Paddleboarder Chris Ray was wearing all the right gear as he made his way down the Yampa River earlier this month. The water flow had increased to 2,200 cubic feet per second early Monday, May 16, 2022, making conditions even more inviting for kayakers, and paddleboarders and the need for proper safety precautions more important.
John F. Russell/Steamboat Pilot & Today.

As the snow melting off the peaks surrounding Steamboat Springs feeds the Yampa River, rafters, canoeists, kayakers and paddle boarders are trying to make the most of it.

“I think we’ve hit that first peak, but the second peak is probably a couple of weeks away,” said Peter Van De Carr, owner of Backdoor Sports. “We’re kind of tracking what we did last year.”

It’s a busy time of year for Van De Carr, but the longtime river enthusiast says that as those who love the river get ready to take advantage of what is expected to be a relatively short runoff season, they need to keep safety at the top of their mind.

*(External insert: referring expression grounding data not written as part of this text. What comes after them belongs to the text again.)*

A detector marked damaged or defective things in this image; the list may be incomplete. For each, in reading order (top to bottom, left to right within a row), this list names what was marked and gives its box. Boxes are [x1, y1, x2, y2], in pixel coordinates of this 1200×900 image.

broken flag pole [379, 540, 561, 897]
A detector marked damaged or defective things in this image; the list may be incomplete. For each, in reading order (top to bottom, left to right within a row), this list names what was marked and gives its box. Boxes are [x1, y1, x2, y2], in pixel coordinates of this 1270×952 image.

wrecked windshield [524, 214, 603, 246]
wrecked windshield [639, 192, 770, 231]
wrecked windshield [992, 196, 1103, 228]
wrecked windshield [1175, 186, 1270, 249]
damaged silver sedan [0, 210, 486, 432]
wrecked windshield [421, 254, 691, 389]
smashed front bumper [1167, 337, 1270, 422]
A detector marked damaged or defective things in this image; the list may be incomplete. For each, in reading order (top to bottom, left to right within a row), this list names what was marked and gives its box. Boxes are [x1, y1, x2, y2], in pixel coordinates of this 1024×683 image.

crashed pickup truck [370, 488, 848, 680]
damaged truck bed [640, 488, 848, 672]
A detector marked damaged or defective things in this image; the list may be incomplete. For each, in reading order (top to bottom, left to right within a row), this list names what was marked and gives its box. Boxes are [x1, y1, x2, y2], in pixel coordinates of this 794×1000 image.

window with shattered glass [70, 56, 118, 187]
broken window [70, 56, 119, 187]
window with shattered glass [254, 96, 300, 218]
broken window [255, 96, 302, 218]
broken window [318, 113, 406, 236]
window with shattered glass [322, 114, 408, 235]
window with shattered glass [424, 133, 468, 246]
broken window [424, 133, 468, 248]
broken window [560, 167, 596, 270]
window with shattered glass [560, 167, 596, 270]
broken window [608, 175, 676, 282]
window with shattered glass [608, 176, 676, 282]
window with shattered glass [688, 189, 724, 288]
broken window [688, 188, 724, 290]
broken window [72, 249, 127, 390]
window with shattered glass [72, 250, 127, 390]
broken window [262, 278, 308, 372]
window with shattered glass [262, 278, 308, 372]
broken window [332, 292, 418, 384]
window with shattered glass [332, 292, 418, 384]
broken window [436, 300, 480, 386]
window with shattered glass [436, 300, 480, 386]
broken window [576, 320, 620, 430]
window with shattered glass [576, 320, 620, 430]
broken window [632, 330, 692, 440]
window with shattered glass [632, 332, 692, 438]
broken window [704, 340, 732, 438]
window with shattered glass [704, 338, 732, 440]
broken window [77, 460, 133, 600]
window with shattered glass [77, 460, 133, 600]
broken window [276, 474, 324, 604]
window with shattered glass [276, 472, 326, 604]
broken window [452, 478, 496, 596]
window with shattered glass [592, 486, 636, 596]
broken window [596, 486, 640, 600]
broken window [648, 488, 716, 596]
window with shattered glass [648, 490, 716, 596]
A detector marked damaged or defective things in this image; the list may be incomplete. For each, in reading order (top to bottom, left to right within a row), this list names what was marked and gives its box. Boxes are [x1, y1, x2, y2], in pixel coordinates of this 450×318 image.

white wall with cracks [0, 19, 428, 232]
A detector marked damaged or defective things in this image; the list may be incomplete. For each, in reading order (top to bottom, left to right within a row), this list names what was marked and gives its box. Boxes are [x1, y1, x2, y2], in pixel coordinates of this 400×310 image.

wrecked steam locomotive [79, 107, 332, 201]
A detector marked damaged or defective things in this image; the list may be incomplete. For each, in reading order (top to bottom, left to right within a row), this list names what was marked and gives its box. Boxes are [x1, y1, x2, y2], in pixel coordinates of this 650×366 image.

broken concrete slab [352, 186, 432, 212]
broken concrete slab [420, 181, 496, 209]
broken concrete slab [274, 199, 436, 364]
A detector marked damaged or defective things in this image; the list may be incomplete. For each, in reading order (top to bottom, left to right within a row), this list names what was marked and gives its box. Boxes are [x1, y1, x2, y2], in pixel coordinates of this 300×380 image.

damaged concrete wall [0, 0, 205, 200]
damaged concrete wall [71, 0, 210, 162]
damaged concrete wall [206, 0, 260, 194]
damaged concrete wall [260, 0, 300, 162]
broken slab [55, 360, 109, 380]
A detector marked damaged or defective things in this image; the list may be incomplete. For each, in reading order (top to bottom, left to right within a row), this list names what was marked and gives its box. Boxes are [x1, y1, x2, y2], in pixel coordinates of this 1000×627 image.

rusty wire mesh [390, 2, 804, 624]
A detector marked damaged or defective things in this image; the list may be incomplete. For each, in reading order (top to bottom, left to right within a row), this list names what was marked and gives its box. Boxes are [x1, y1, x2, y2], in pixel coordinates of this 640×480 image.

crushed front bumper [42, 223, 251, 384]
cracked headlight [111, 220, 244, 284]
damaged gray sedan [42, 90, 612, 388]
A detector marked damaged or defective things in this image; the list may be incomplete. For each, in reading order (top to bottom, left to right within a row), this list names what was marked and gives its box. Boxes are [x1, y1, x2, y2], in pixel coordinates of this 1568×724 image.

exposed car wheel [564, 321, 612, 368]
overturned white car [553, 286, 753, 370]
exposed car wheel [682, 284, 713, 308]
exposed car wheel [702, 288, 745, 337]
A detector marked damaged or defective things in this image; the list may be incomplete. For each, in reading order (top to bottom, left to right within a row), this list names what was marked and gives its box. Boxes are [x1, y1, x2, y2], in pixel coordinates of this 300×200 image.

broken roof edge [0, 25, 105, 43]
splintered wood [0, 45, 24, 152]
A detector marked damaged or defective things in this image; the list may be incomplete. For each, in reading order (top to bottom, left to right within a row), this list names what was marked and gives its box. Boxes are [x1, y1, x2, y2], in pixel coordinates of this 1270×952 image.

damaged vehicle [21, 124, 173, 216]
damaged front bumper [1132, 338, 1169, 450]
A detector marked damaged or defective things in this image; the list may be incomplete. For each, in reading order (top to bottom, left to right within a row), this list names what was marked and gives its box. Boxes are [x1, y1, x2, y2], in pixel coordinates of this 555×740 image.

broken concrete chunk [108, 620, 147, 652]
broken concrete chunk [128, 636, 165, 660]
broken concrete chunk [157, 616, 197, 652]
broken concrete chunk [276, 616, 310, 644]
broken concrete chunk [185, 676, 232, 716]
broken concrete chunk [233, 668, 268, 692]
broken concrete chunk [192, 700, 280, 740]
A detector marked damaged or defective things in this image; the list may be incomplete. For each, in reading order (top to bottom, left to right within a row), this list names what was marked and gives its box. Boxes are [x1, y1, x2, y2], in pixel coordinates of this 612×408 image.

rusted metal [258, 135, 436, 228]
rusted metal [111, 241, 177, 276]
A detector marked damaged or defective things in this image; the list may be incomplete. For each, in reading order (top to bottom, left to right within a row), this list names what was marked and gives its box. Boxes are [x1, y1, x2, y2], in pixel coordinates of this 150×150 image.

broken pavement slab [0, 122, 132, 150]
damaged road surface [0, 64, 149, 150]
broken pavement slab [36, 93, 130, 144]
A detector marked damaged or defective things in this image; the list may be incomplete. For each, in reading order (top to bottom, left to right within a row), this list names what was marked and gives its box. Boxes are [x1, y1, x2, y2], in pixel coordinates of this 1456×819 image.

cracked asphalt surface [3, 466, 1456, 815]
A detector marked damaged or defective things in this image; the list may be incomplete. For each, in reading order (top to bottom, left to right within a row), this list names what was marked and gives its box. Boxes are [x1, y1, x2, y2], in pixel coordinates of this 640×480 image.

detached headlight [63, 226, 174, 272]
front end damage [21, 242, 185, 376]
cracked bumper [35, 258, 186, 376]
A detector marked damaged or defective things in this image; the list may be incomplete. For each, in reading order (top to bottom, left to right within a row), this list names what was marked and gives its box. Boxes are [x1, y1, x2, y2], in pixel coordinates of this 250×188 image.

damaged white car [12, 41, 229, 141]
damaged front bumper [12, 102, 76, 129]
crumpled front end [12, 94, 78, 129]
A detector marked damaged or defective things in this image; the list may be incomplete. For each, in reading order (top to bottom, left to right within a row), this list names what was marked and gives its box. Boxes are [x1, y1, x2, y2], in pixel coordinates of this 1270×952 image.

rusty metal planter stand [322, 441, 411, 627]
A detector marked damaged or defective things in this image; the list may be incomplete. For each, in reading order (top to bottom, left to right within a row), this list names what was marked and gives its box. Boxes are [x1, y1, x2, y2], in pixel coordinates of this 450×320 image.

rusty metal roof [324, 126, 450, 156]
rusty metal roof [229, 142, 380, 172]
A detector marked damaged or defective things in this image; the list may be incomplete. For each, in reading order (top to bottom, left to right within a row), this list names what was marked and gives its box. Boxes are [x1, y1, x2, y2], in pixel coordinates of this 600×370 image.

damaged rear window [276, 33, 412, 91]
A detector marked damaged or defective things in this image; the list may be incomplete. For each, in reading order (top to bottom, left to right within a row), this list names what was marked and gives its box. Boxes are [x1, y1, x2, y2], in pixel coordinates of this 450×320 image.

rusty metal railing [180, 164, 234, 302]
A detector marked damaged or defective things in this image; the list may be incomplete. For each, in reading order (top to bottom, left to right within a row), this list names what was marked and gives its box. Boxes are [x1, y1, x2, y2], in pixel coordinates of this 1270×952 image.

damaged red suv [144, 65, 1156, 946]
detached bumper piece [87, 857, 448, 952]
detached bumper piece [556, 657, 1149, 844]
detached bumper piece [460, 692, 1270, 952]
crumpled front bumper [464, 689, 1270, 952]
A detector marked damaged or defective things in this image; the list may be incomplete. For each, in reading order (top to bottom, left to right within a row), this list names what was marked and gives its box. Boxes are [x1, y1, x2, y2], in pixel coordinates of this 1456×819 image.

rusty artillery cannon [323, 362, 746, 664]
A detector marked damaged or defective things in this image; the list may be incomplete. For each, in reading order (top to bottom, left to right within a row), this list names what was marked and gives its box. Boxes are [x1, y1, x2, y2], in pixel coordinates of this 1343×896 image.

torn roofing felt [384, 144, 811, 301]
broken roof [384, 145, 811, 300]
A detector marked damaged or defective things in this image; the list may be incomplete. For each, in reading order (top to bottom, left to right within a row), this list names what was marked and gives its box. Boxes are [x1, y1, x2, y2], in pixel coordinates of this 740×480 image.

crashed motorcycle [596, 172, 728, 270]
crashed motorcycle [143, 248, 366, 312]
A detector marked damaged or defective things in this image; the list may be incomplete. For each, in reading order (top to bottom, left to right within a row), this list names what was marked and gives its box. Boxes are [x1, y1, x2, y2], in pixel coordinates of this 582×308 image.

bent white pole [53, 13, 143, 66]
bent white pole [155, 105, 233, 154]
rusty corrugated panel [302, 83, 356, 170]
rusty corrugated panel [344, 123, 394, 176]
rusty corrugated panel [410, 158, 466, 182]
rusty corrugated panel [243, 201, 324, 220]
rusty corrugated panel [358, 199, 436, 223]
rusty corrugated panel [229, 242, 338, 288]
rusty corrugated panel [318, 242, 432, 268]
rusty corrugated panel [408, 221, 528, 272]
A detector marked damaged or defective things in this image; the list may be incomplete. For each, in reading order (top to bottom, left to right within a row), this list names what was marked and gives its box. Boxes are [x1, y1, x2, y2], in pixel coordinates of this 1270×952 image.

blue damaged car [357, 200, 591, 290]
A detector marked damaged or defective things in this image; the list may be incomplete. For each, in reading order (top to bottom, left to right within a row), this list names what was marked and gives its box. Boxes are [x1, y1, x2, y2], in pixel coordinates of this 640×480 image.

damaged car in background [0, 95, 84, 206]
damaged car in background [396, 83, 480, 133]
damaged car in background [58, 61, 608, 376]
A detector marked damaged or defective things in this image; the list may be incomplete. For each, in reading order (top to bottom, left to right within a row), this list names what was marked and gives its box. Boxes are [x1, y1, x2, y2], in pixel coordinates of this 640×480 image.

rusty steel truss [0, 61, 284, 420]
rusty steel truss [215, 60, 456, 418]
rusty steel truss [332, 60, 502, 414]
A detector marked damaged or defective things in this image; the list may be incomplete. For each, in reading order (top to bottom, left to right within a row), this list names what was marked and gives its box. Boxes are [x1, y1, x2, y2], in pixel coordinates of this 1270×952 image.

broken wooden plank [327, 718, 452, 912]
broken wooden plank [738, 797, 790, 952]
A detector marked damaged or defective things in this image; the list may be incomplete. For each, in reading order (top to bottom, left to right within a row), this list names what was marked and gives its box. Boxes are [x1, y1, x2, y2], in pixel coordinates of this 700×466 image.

That means making sure they have the proper equipment including helmets, life vests and dry or wet suits to endure the very cold river temperatures.

“I think that the water temperature is as dangerous as anything,” Van De Carr said. “If you are going in the water and you spend a couple minutes in there, it could be a medical emergency.”

He highly recommends wearing a wetsuit or drysuit to be safe. Cold shock, swim failure and hypothermia are some of the dangers associated with getting into the water without a protective suit this time of year.

“The weather and the water temperatures are a major factor,” said Bryan Bellamy, who has been a rafting guide for 18 years and is a partner in Bucking Rainbow Outfitters, which operates on five rivers, including the Yampa and Elk.

“You know, we tell our customers to dress for success, meaning that you’re prepared for the worst,” he said. “Even if it’s 70 degrees outside and sunny, if you take a long swim, you could get hypothermia.”

Both men agree that proper equipment, experience and good decision-making offer the best protection for venturing into the river.

Van De Carr recommends that paddlers go with a buddy, so they can keep an eye on one another in case there is a problem. He also said they should be aware not all of the dangers are obvious.

“My biggest concern and I think the most dangerous thing on the river is our man-made obstacles,” Van De Carr said. “Most notably, our bridges and there are some really tough ones.”

Van De Carr pointed out the bridge just downstream of the Chuck Lewis State Wildlife Area, the bridge just downstream of Tree Haus and the one in front of the Flour Mill apartments as obstacles that can cause problems for high-profile boats like rafts and dories.

He said kayakers, paddle boarders and boats with lower profiles need to be aware of these obstacles too, but in most cases, they can maneuver past them. However, for higher-profile boats, getting through can be dangerous and impossible in some cases.

“All of those have really messed people up — especially at higher water,” Van De Carr said.

He said floating the river in paddle boats when it is running a bit slower is one of the best ways to explore the Yampa River Basin.

His company and Bucking Rainbow both offer trips on the Yampa when the conditions are right. However, when the Yampa is running high, many local river guides stop running the river because bridges and bridge pylons present a dangerous situation.

“We generally call it like 2,400 (cubic feet per second), and that’s because of the bridge right there at the Flour Mill,” said Bellamy. “It’s not for people without experience right now … It’s definitely more challenging.”

Van De Carr and Bellamy expect flows in both the Yampa and Elk rivers to slow in the coming days and weeks, allowing guided river trips to continue. How long that season lasts on the Yampa will be up to Mother Nature.

“It looks like the water is going to be high, higher than today, for the next three or four days, but then there is a pretty steep drop off getting down back to runnable levels by the 20th or 21st (of May),” Bellamy said. “I would expect there to be good levels from there out in what looks kind of like a short season.”